Instructions for the task –
Would you please return only the lines from the one with "How: M/R & COUCHAPPS" through the last line of the records below, leaving the pictures out?

Caption-style text data –
# # # #

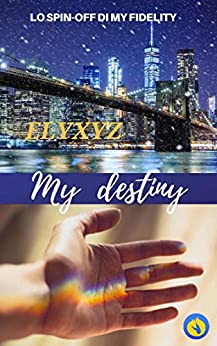 My destiny: – Spin-off di My fidelity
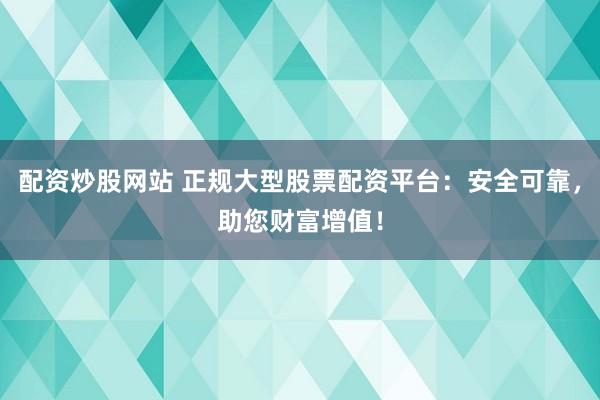 配资炒股网站 正规大型股票配资平台：安全可靠，助您财富增值！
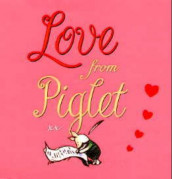 Love from Piglet av A.A. Milne (Innbundet)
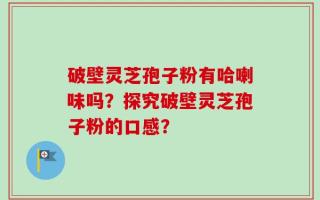 破壁灵芝孢子粉有哈喇味吗？探究破壁灵芝孢子粉的口感？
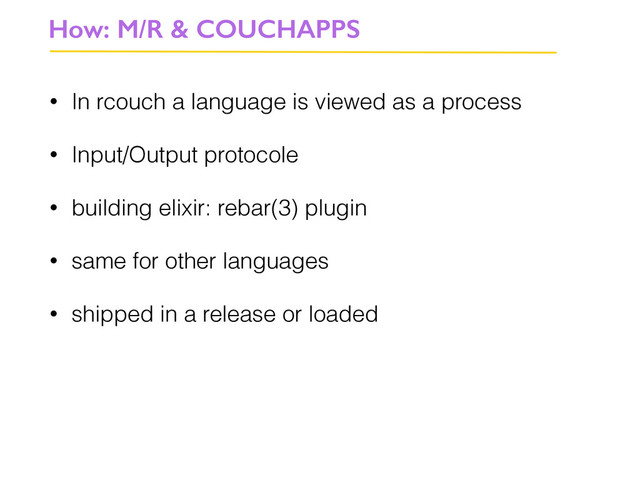 • In rcouch a language is viewed as a process
• Input/Output protocole
• building elixir: rebar(3) plugin
• same for other languages
• shipped in a release or loaded
How: M/R & COUCHAPPS
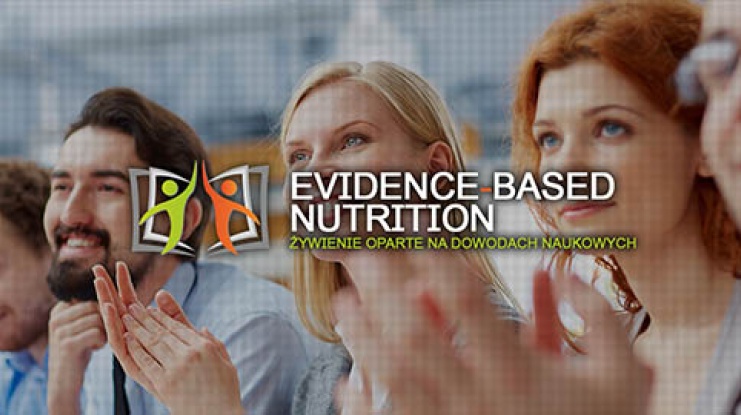 Evidence-Based Nutrition - Żywienie oparte na dowodach naukowych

# # # #

Answer for the task –
How: M/R & COUCHAPPS
 Evidence-Based Nutrition - Żywienie oparte na dowodach naukowych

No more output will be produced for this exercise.